== EXERCISE ==
Below are lines of data; restate word for word those running from the line containing "Видео: Терапия рубцов, полосовидной" to the line containing "超研股份：超声在颅脑应用已获多项专利", inclusive, and no others.

== MATERIAL TO PROCESS ==
┄┄┄┄┄┄
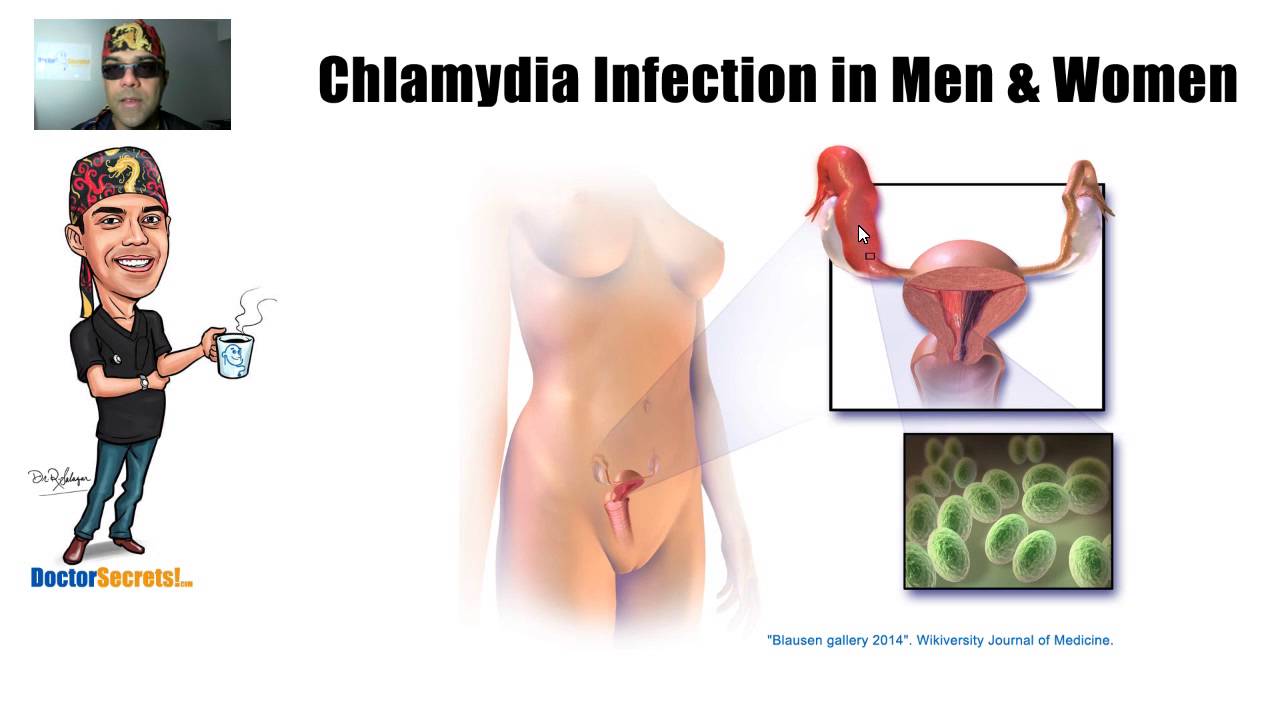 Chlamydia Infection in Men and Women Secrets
┄┄┄┄┄┄
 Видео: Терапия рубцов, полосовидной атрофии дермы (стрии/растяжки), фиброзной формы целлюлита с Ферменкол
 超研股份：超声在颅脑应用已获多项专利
┄┄┄┄┄┄
== COMPLETED TASK ==
 Видео: Терапия рубцов, полосовидной атрофии дермы (стрии/растяжки), фиброзной формы целлюлита с Ферменкол
 超研股份：超声在颅脑应用已获多项专利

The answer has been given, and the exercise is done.